When Lamarr was cast in the role, she insisted the studio hire her old friend Edgar G. Ulmer, whom she’d known years ago in Europe, to direct. At the time, Ulmer was under contract to Poverty Row studio PRC, which was more than happy to loan him out to United Artists, collecting five times his salary in the bargain.

Moon Over Harlem (1939) comes from a much lower point in Ulmer’s career, when he was mostly taking on projects in ethnic film studios. Shot on 16mm for $8,000, this all-black drama tells the story of how a widow’s marriage to no-good gambler, racketeer and “chicken chaser” Dollar Bill (‘Bud’ Harris) leads to the destruction of her family.

Its flavor is a bit less authentic than that of most ‘race’ pictures, mainly due to a thorough rewrite of the script by Ulmer’s wife Shirley. Once known only among film buffs, over the years Ulmer’s varied body of work has found a broader audience, and his films have been more widely shown and studied. Film historian David Kalat’s DVD label All Day Entertainment has undertaken a mission to rescue Ulmer’s reels from moldering in film vaults.

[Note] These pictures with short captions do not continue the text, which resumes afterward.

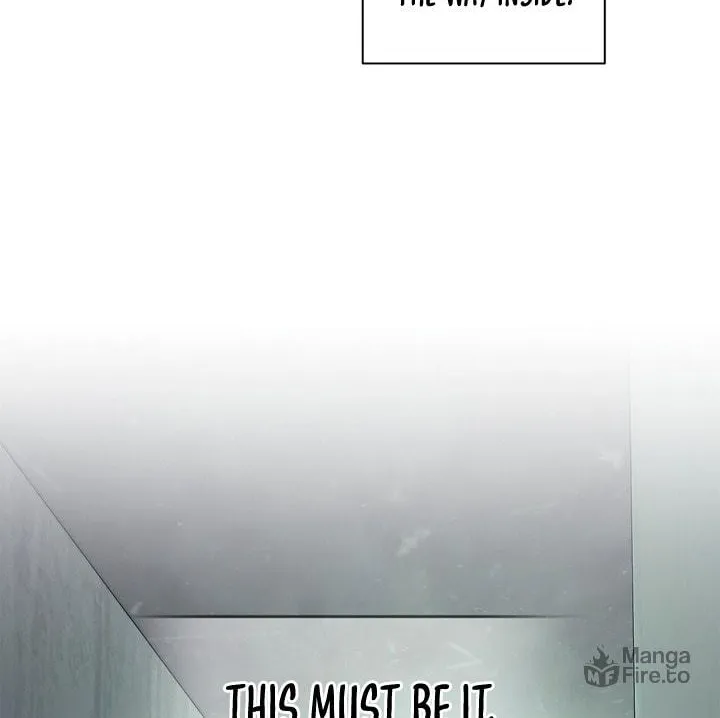 Park Ha Mansion Chapter 1 page 48 - 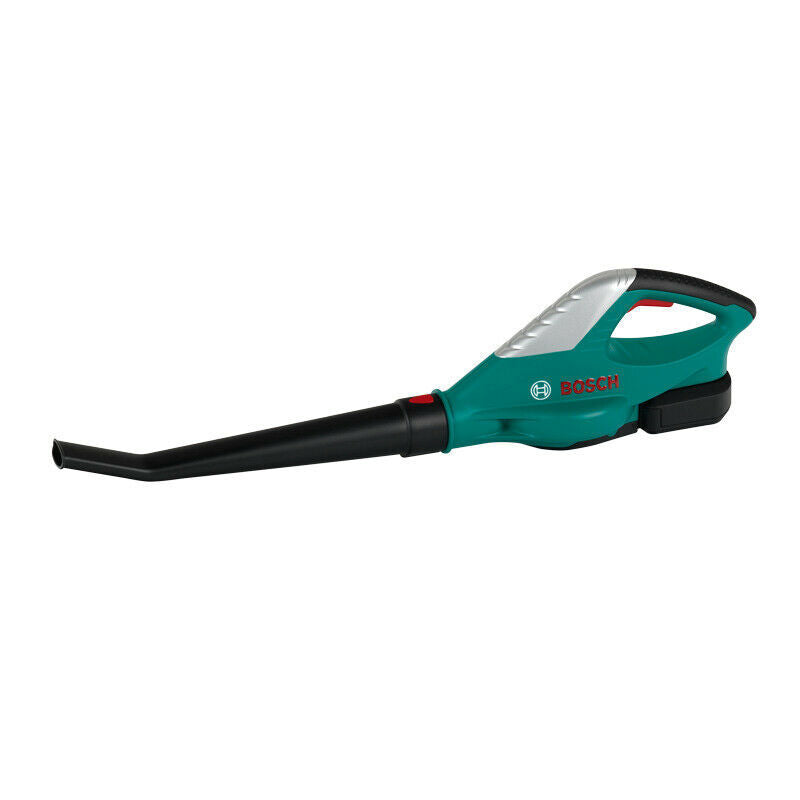 Bosch Mini Toy - Leaf Blower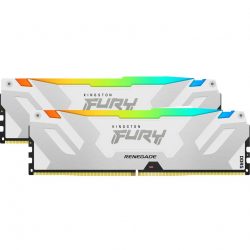 Kingston FURY DIMM 32 GB DDR5-6400 Kit kaufen | Angebote bionka.de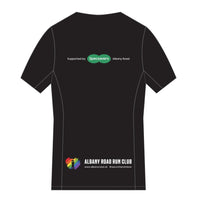 APEX+ Women's Run Top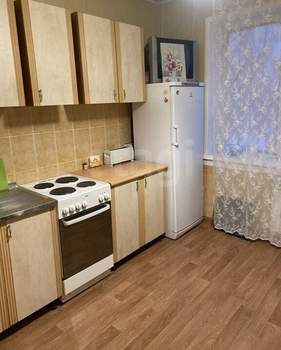 2-к квартира, на длительный срок, 54м2, 3/9 этаж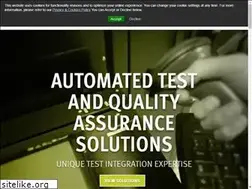 Sites similar to citengineering.com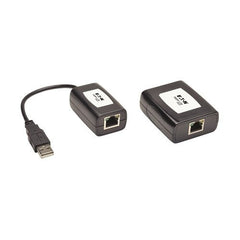 TRIPP LITE Tripp Lite B203-101-PNPINT Usb 2.0 Extension Kit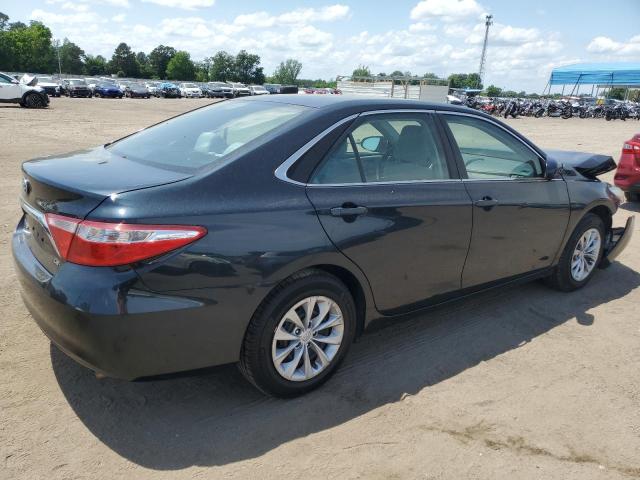 Photo 3 from auction – 2015 TOYOTA CAMRY LE with VIN 4T4BF1FK4FR455815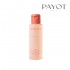 Payot Nue Bi-Phase make-up remover for eyes and lips 100ml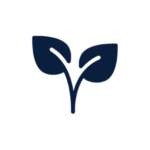 Group logo of Groundskeeping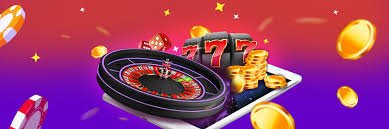 The Ultimate Guide to the Best Casino in UK Online The Ultimate Guide to the Best Casino in UK Online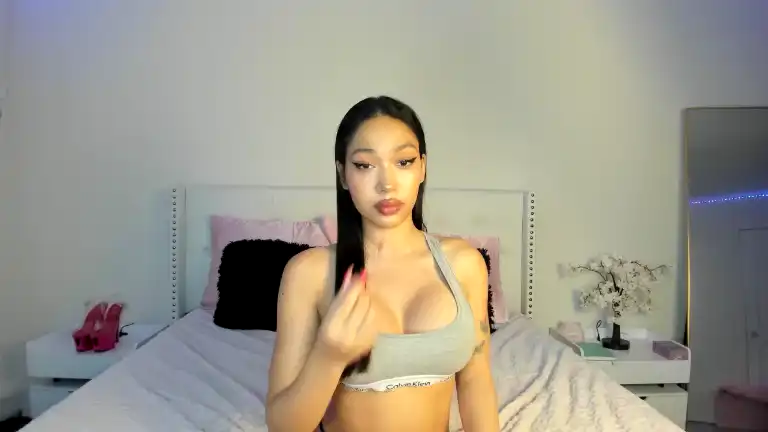 Xprettykittyxo – Streamate Recorded Sex Show – 2026-06-05 10:23:06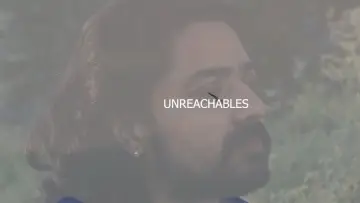 Задник к фильму "Unreachables" #824325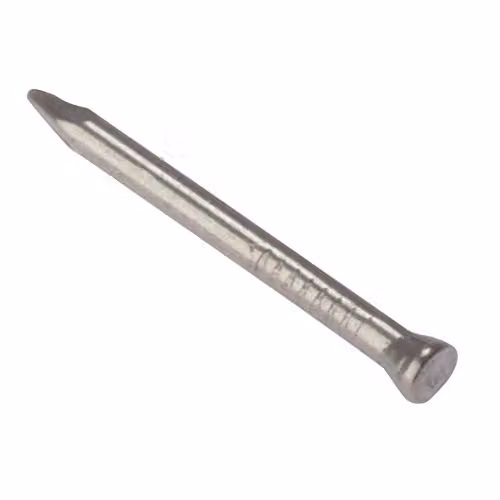 ForgeFix Bright Panel Pins, 250 g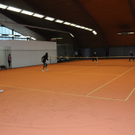 Tennis Doppelturnier 11_2010 029.jpg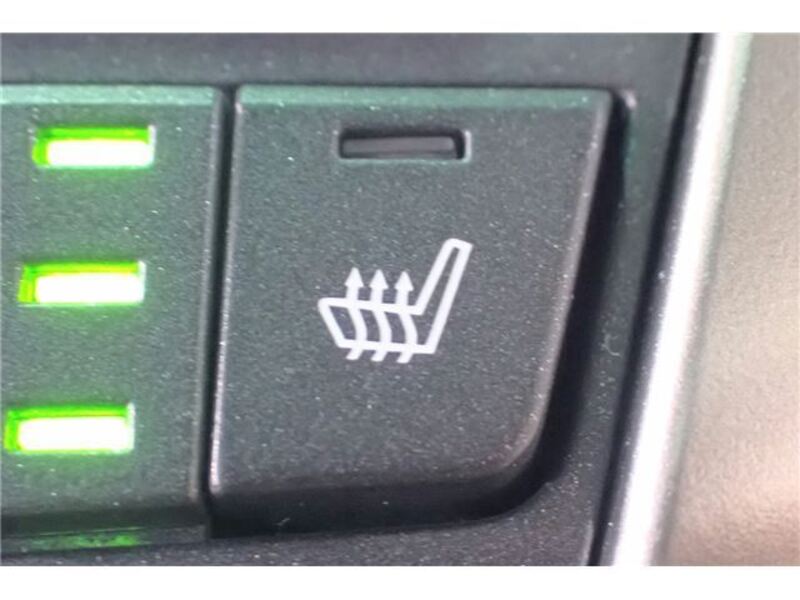 NX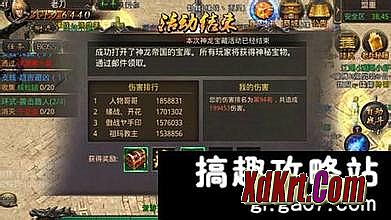 02����ɫ����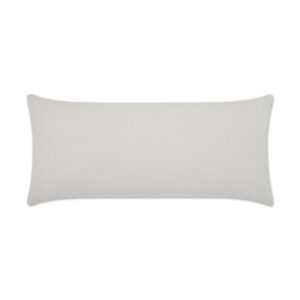 Gowan Lumbar-Vanilla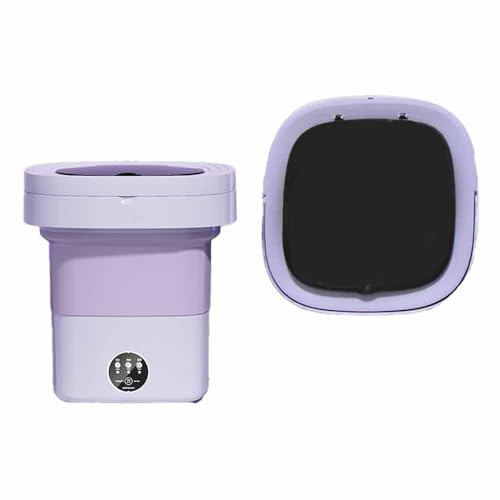 ^@ ܂肽 |[^u R  \ ȈՎ oPc^ 6.5L ܂肽ݐ@ ^ oPc^@ }XNp ܂ lp@ RpNg ybg Ԃ ~j l炵 xr[pi  p[v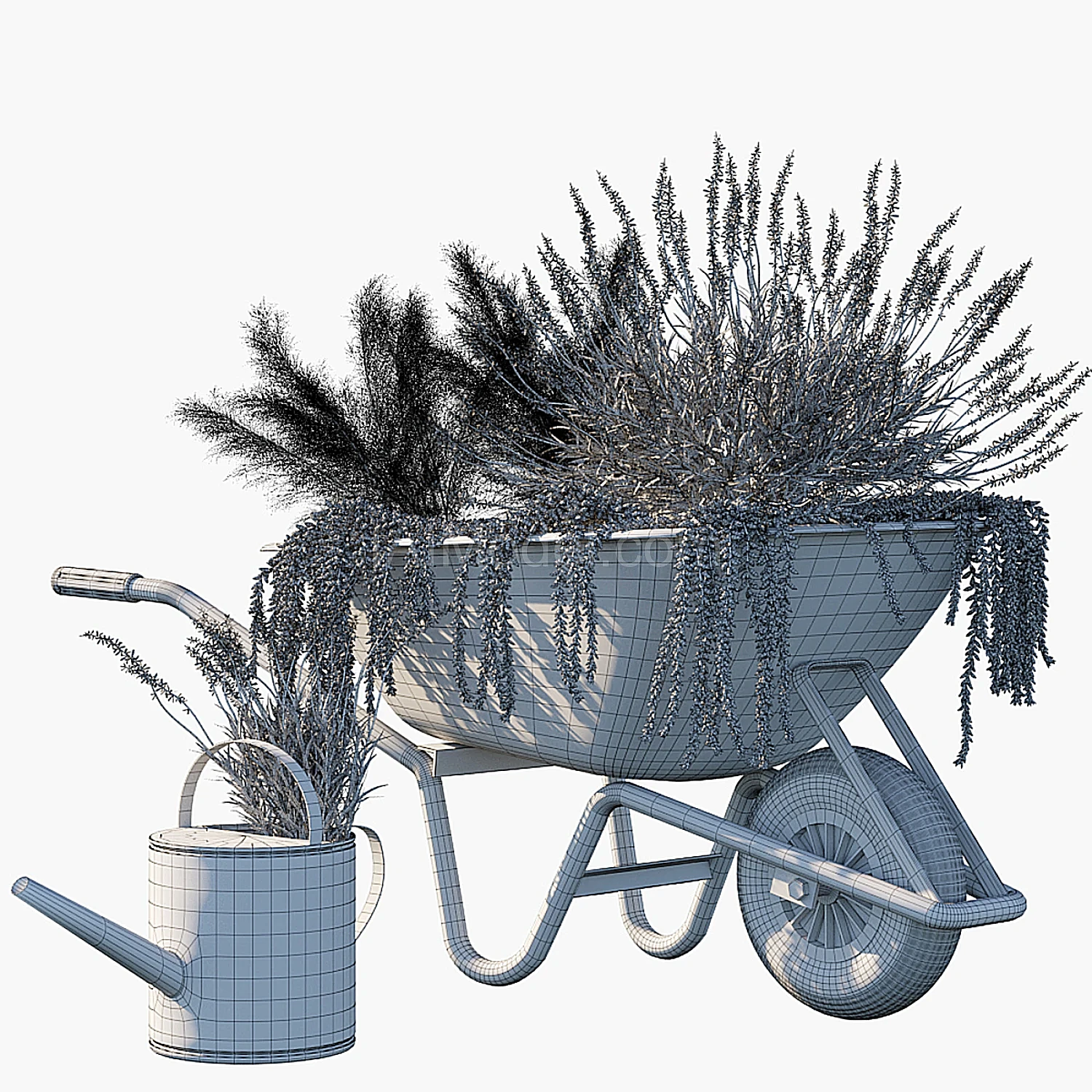 img2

Kalat’s liner notes are up front about the condition of the materials (Strange Woman has audio problems at the beginning and the end, etc.), but though they may not be up there with the latest releases, they certainly look and sound better than I’d ever expect at the turn of the century, and he’s to be congratulated for his efforts. Though lacking in flashy menus or even subtitles, both features are accompanied by image archives and interview material with Shirley Ulmer, whose recollections of her late husband’s life are of great value.